Viersen. Die Rechnung ist so einfach wie besorgniserregend: Die Zahl der Menschen im Kreis Viersen, die auf sozialen Wohnraum angewiesen sind, steigt stetig — der verfügbare Platz aber wird immer kleiner. Die Folge: Die Lücke zwischen Angebot und Nachfrage an geförderten Wohneinheiten wird immer größer.

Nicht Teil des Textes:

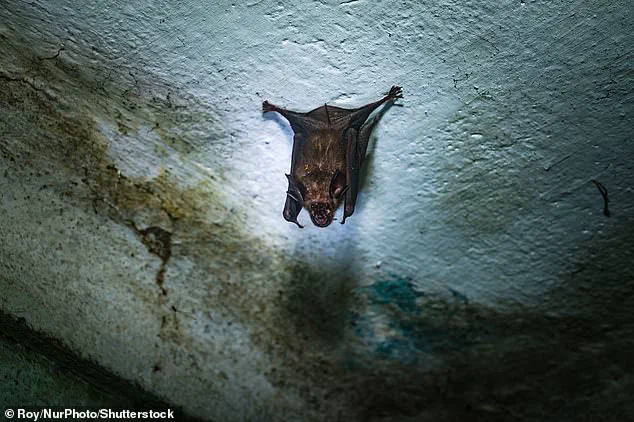 Asia Tightens Measures as Nipah Virus Outbreak Sparks Health Alarms, No Cure Available
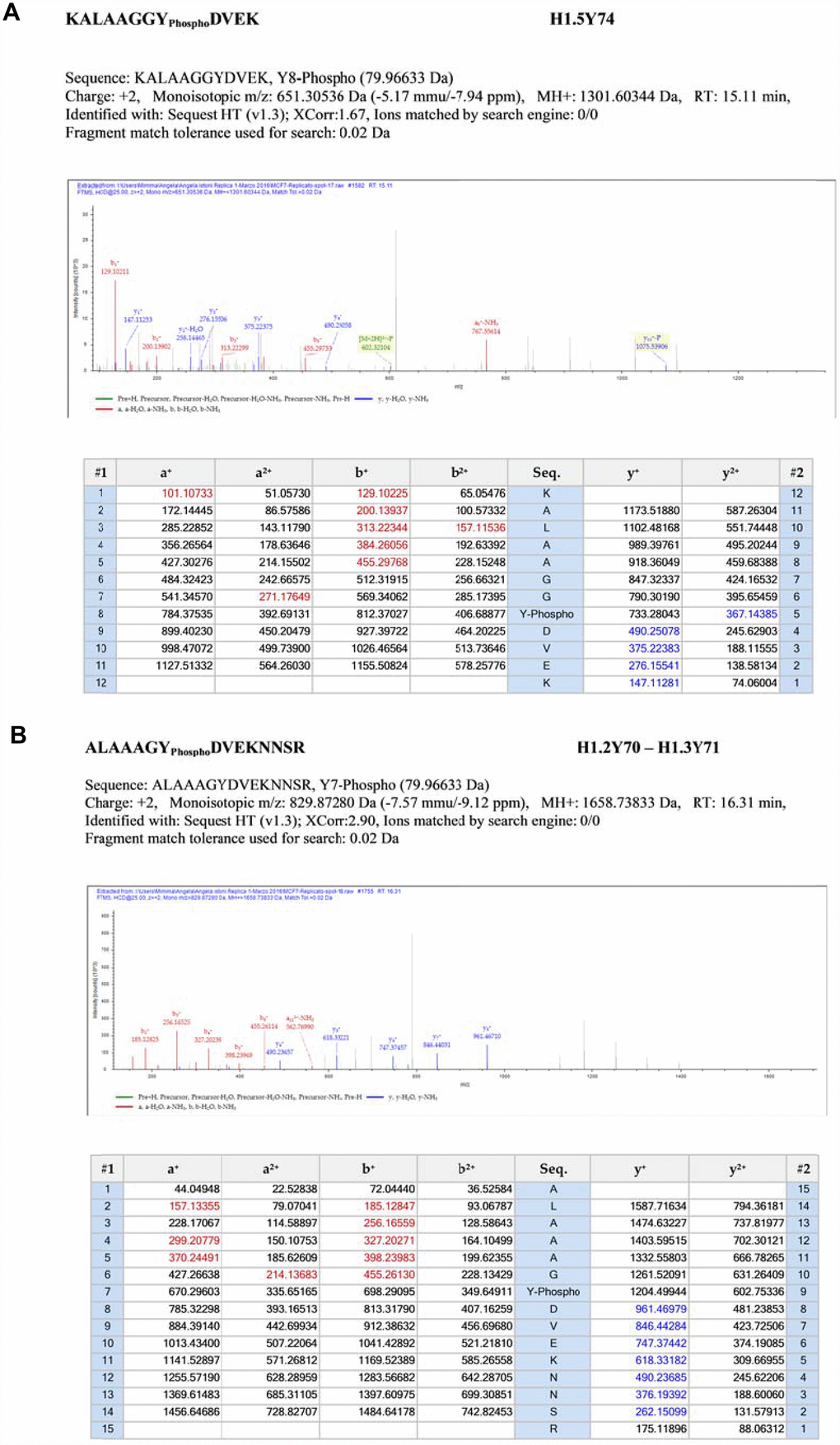 Fragmentation MS/MS spectra. (Panel A) Fragmentation MS/MS spectra of the modified peptide carrying the novel PTMs. MS/MS data are referred to histone H1.5. Data were analyzed by Proteome Discoverer 1.4 software. MS/MS data were searched on the Human UniProt database. False discovery rate (FDR) of peptide identifications was estimated using the “Target-decoy PSM validator” node in Proteome Discoverer. Cut off filters 95% confidence and a minimum of two peptide identifications per protein. (Panel B) Fragmentation MS/MS spectra of the modified peptide carrying the novel PTMs. MS/MS data are referred to histones H1.2 and H1.3. Data were analyzed by Proteome Discoverer 1.4 software. MS/MS data were searched on the Human UniProt database. False discovery rate (FDR) of peptide identifications was estimated using the “Target-decoy PSM validator” node in Proteome Discoverer. Cut off filters 95% confidence and a minimum of two peptide identifications per protein.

Eine Prognose der NRW.Bank zeichnet die Entwicklung vor, die der soziale Wohnungsmarkt im Kreis bis 2025 voraussichtlich nehmen wird. Im Vergleich zu 2014 wird es demnach im Kreis Viersen in sieben Jahren 1438 Wohneinheiten weniger geben. Allein um diesen Rückgang aufzufangen, müssten jährlich 131 neue Wohnungen entstehen. Diese Zahl aber würde lediglich den Wegfall aktuell noch bestehender Wohnungen kompensieren, nicht aber dem gleichzeitig steigenden Bedarf an Wohnraum — etwa durch neu hinzukommende Sozialhilfeempfänger — entgegentreten. Auf Anfrage der Stadt Viersen bei der NRW.Bank gibt diese an, das Defizit an sozialem Wohnraum im Kreis liege unter diesen Umständen sogar bei 1300 Einheiten pro Jahr — Flüchtlingszuwanderung mit eingerechnet.

Für den Ersten Beigeordneten der Stadt Viersen, Paul Schrömbges, ist es höchste Zeit zu handeln. „Das Thema muss auf die politische Tagesordnung. Wir müssen dringend Lösungen finden“, sagte er. Am morgigen Donnerstag (18 Uhr, Sitzungssaal im Forum, Rathausmarkt 2) sollen die Entwicklung und die Probleme, die auf die Kreisstädte zukommen, im Aussschuss für Gesundheit und Soziales diskutiert werden.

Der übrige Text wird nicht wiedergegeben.